By Tom Neven | Focus on the Family Blog
This weekend we mark that nexus of history, the death and resurrection of Jesus Christ. It is the crucial, defining event of Christianity.
Yet despite this clear teaching of Scripture, there have been those through the ages who have reduced Christ to merely a great teacher and Christianity to a code of good works. The most recent example of this I’ve come across is Erik Reece’s essay “Save Jesus, Ignore Easter.” In it this son and grandson of Baptist preachers confesses that he does not share their faith. But, he adds, he still wants to follow Jesus. He writes:
"American Christianity has historically been focused so obsessively on the Nicene Creed—which says Jesus was the son of God, who was crucified for our sins and rose from the grave three days later—that it never made much room for the actual teachings of this radical Jewish street preacher.
"This is why I'm against Easter. It celebrates the death of Jesus nearly to the exclusion of his life. If the Easter miracle can save us from this life, then why bother with the harder work of enacting the kingdom of God here? It is, after all, much harder."
I’m always confused when I hear things like this. What “radical” teachings does he refer to? Perhaps this? Or maybe this? Or how about this?
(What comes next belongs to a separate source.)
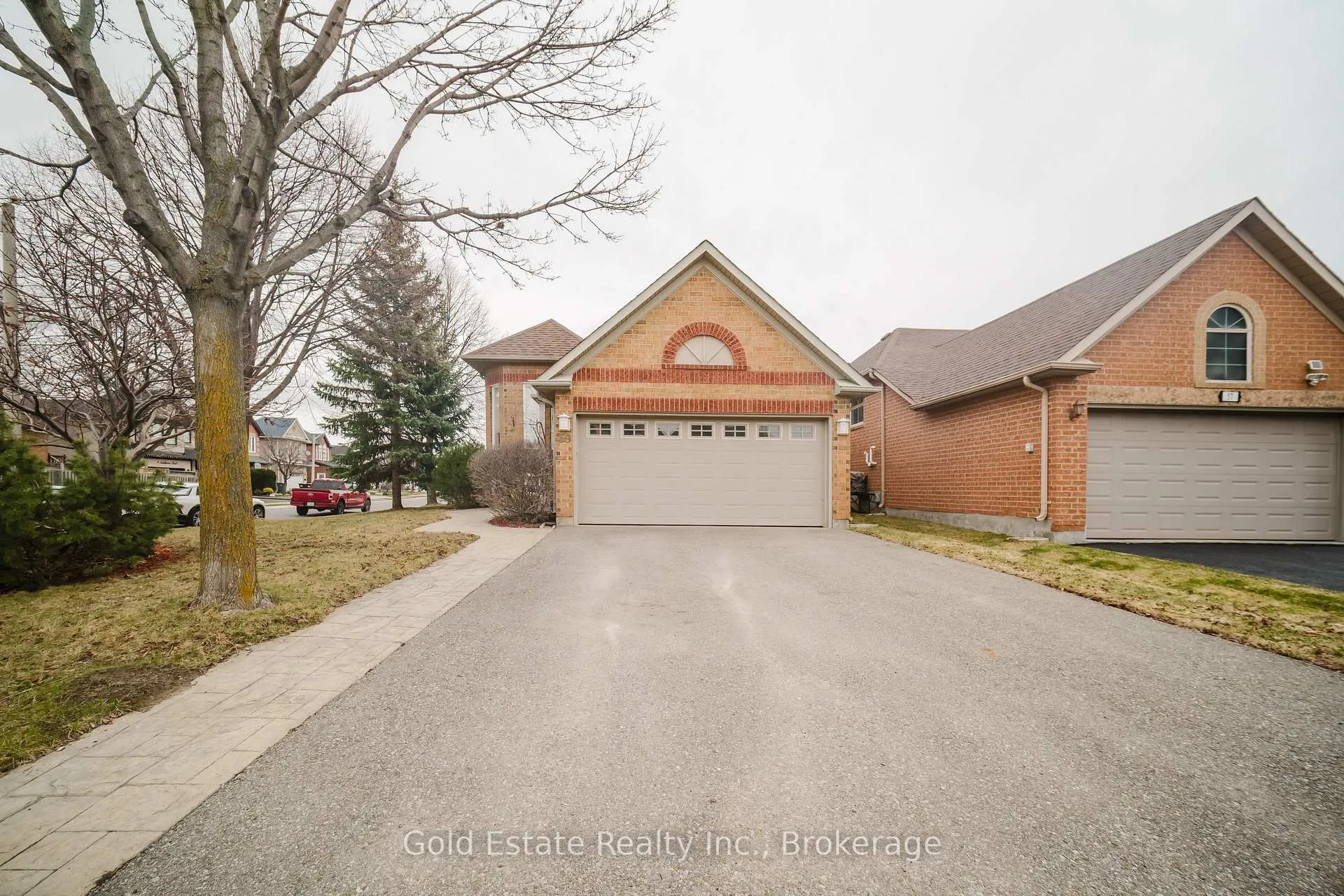 Photo 1 of 59 Royal Orchard Drive, Brampton, Brampton West — HOMEH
And there’s always this. To carry one’s cross was not just a great burden; under the Roman form of punishment, the condemned was forced to carry his cross as an acknowledgment of guilt. It was a way of saying that Rome was correct in meting out justice to this criminal. To carry one's cross is to acknowledge that you are guilty and that God is correct in meting out justice. That is the full import of that frequently misused verse.
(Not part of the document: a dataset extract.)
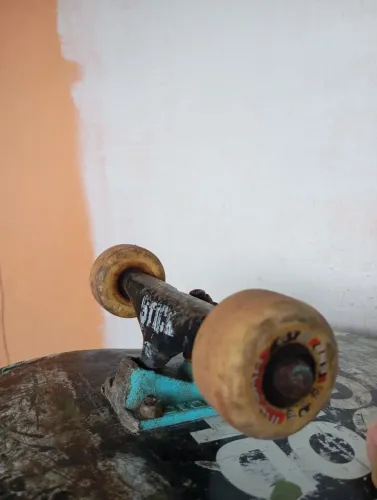 Truck de skate junto com rodas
The good news is that Christ carried the cross and endured God's justice for us. Knowing this adds special weight to Paul’s declaration that “I have been crucified with Christ and I no longer live, but Christ lives in me. The life I live in the body, I live by faith in the Son of God, who loved me and gave himself for me.”
Reece wants to do good works on this earth. Good for him. We can all learn from his example. But when he takes only a partial Jesus and ignores the full teaching of Scripture, he is not obeying Jesus.
Me, I want Jesus, too, but I want the Jesus of Good Friday and Easter morning. Without that Jesus, I’d be a pitiable fool.